Because of financial considerations and the often necessary time urgency, an analysis of all possible alternative sites is often not possible or makes sense of the actually used location search space of Companies often contains only small part of the possible alternatives, such as the locations in only one region. Within this search space resulting spatial gain regions, ie profitable location areas a local profit-optimized site. The model shows that make themselves at first sight irrational or random location preferences with a small number of evaluated alternatives a profitable, albeit sub-optimal location decision possible.

The empirical study of location decisions Pred has developed a " behavorial matrix" ( matrix of behavior ), in the company of one hand the quality and quantity of their information is entered, on the other hand, their entrepreneurial ability to use this information.

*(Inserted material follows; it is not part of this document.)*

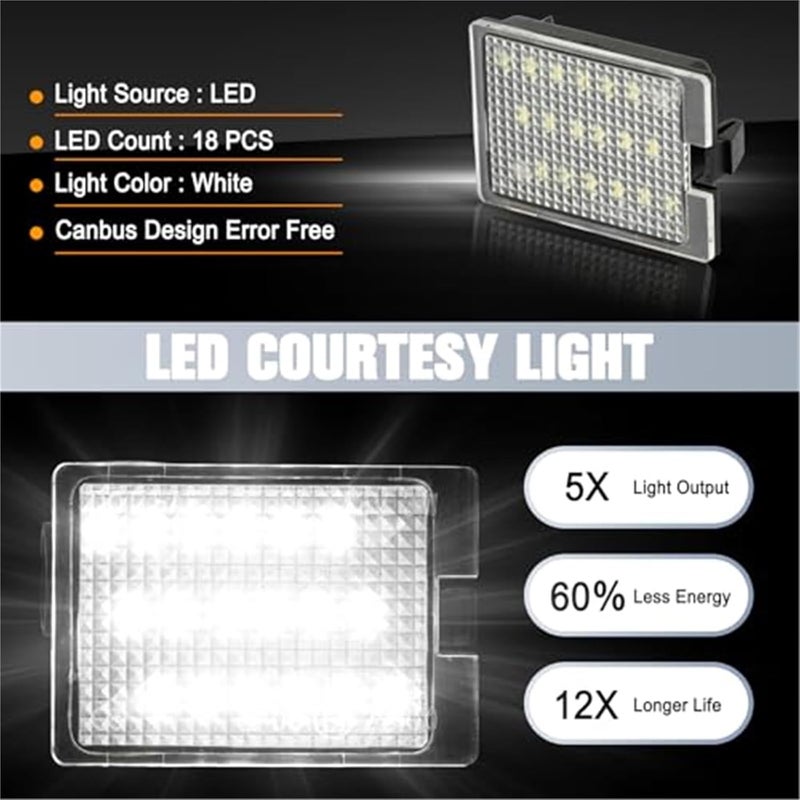 Wivplex LED License Plate Lights for Dodge Durango 2014-2020 - Image 2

Pred distinguished the following cases:

  • For companies that have a good level of information and information efficiently, will decide with high probability for a profitable production location. However, not necessarily the profit optimal location is chosen: often suboptimal locations for family reasons or subjective values ​​out however chosen within a profit.
  • Companies with average level of information and average information processing opt for sub-optimal production locations that are far from the optimal location, but still within the profit zones.
  • Ill-informed companies with poor problem-solving capacity actually choose locations that are outside of the profit zones and thus the long term are not competitive. This can lead to accidental profitable location decisions subjective decision reasons, however.

However, companies can make a profitable location decisions also by " imitation" successful, resettled in one location businesses.

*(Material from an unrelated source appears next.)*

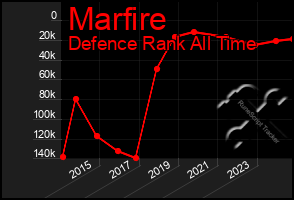 Total Graph of Marfire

Preds conclusions from the empirical study were:

  • Of information and business performance on the one hand and quality of location decision on the other hand are strongly correlated positively with high probability.
  • Contractor with the same level of information and the same information capacity utilization can choose different locations due to personal preferences, or because of coincidences.

Dynamic view

The inclusion of time as an additional dimension Pred extended his approach to other aspects: the information available to the decision-makers may increase over time. How can facilitate the flow of information within the company or between companies and business environment new communication techniques. Also, the ability to process information can be improved by new technology, as well as by the opportunity to learn from their own and others' mistakes and to copy successful location decisions. The decisions of the company are thus long-term rational and always work towards a shift in corporate locations to the location of the optimum.

Of information and information processing quality of individual companies in the course of time, however, can also decrease, eg when changing location requirements of the Company and site conditions of the alternative locations. Learning from your mistakes is hampered by the financial resources necessary for the competitiveness of a re- siting investment may be missing in new technologies and capable staff with a previous poor choice of location.

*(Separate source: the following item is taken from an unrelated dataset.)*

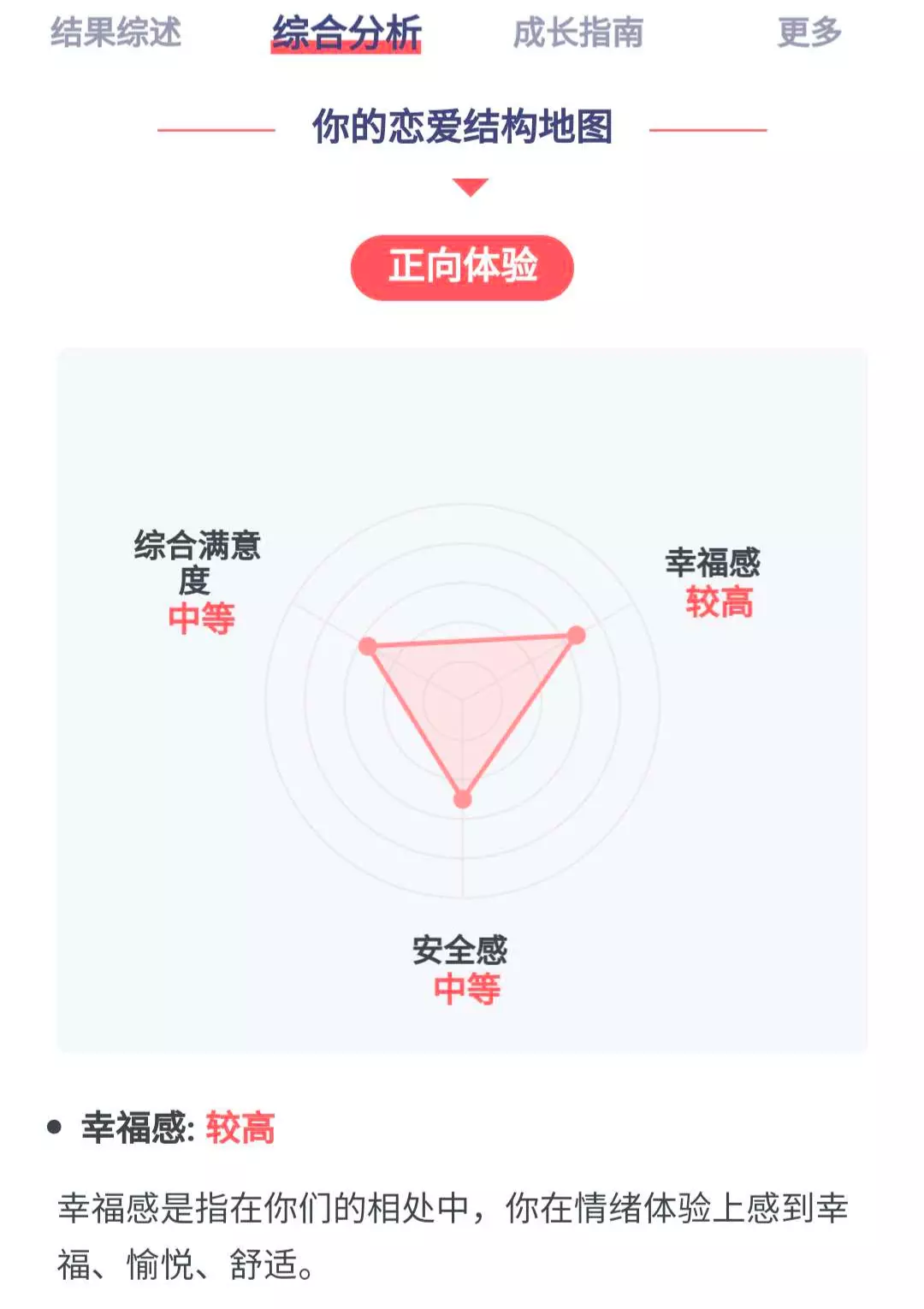 2、怎么测试情侣匹配度:用如故软件怎么测和恋人的匹配度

The behavioral science approach tried first to understand the actual decisions when choosing a location. Theoretical explanation behavior models could be repeatedly confirmed empirically. Critically, it was noted that psychological and subjective motivations of the choice of location would be overstated because the classic location factors in this model hardly play a role and the realities of the physical geography and transport systems are not considered. Just as the neoclassical theory of the "homo psychologicus " negligible, leaving the behavioral science approach to the "homo economicus " largely ignored.